- Aim of the exercise -
Beginning at the line that contains "Jute coloring bag with crayons ELISA" and finishing at the line that contains "vidaXL Panneaux muraux", output the data below exactly. Include both end lines and no pictures.

(Input)

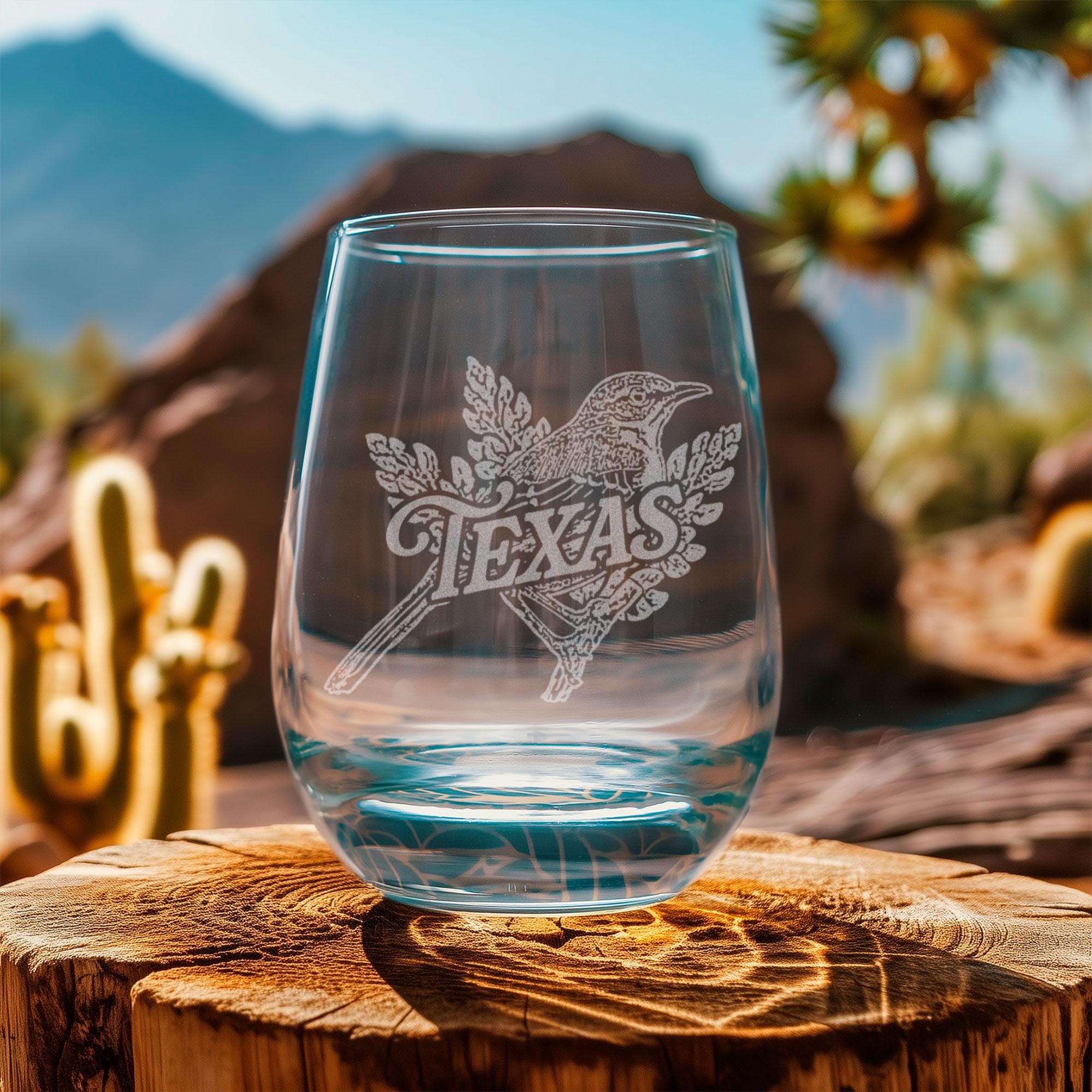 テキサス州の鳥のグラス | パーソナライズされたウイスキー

(End Input)
(Input)

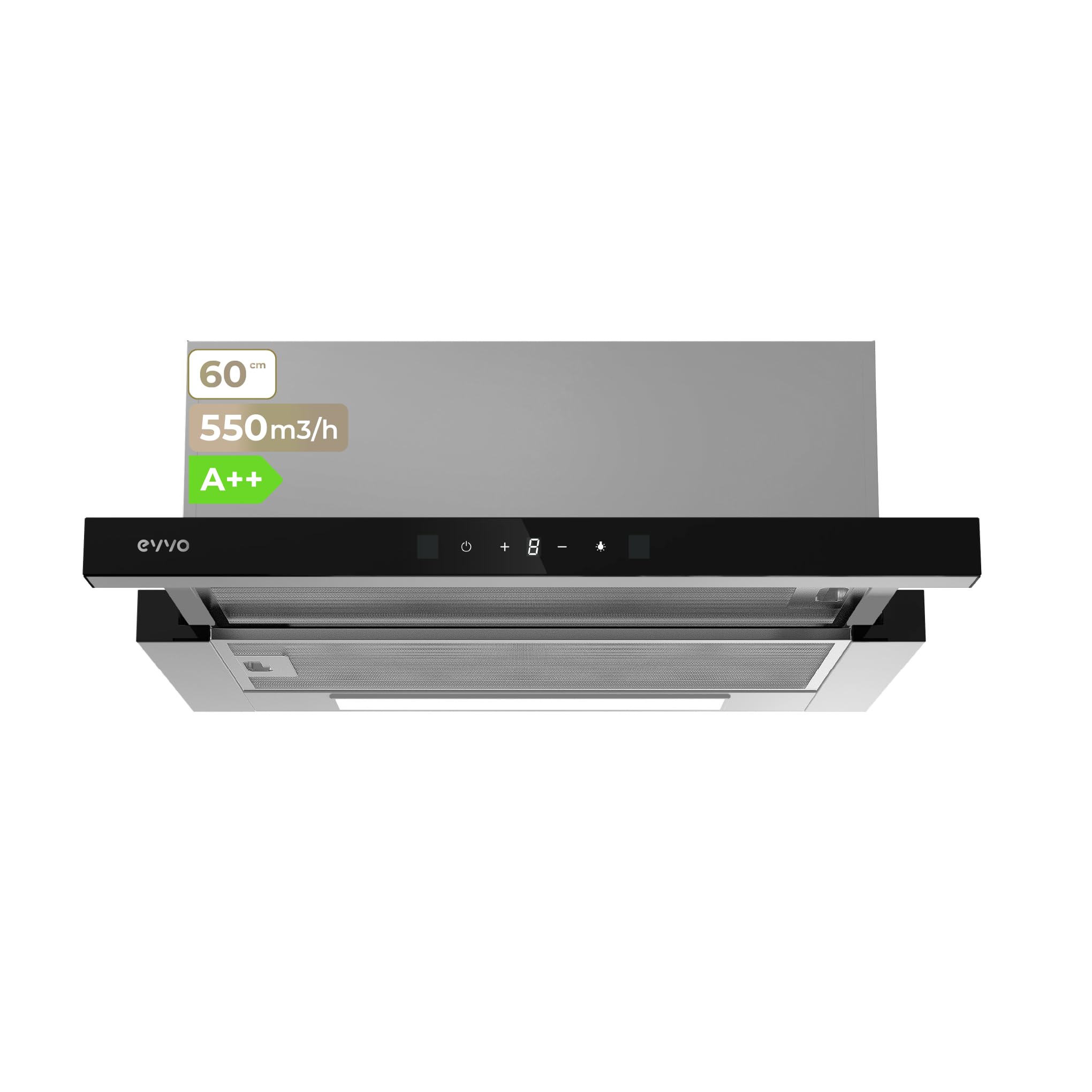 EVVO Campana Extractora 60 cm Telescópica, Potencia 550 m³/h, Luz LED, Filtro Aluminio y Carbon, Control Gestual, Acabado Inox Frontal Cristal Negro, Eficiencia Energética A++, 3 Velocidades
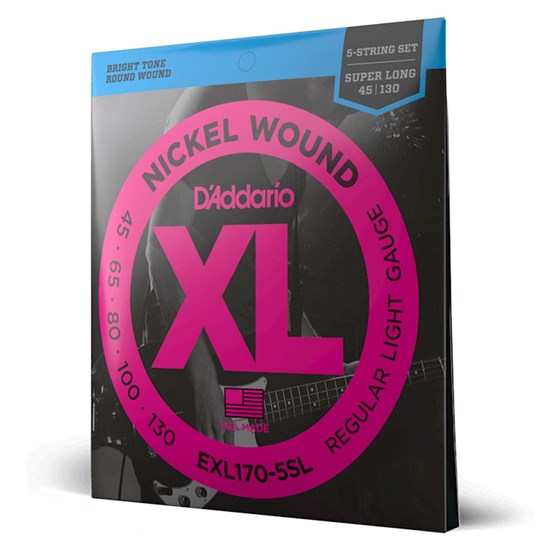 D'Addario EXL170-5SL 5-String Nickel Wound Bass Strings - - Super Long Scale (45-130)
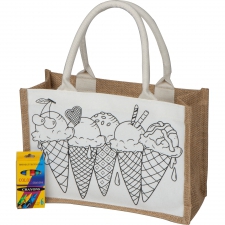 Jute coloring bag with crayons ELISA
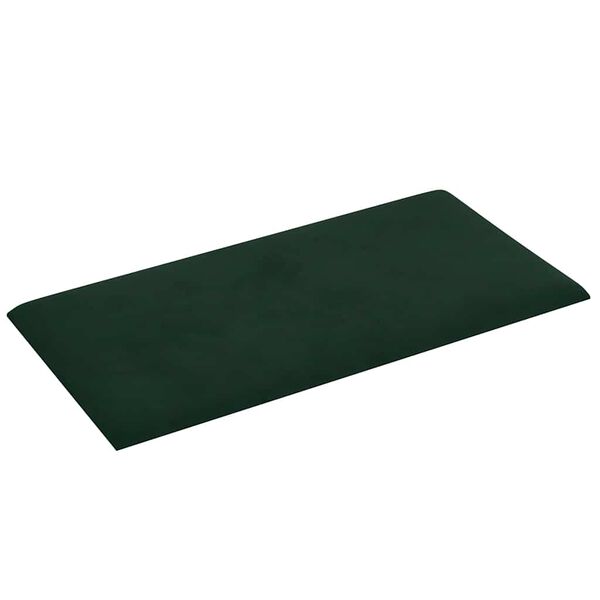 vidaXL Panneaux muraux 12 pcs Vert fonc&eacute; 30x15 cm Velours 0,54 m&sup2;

(End Input)

- Exercise output -
 Jute coloring bag with crayons ELISA
 vidaXL Panneaux muraux 12 pcs Vert fonc&eacute; 30x15 cm Velours 0,54 m&sup2;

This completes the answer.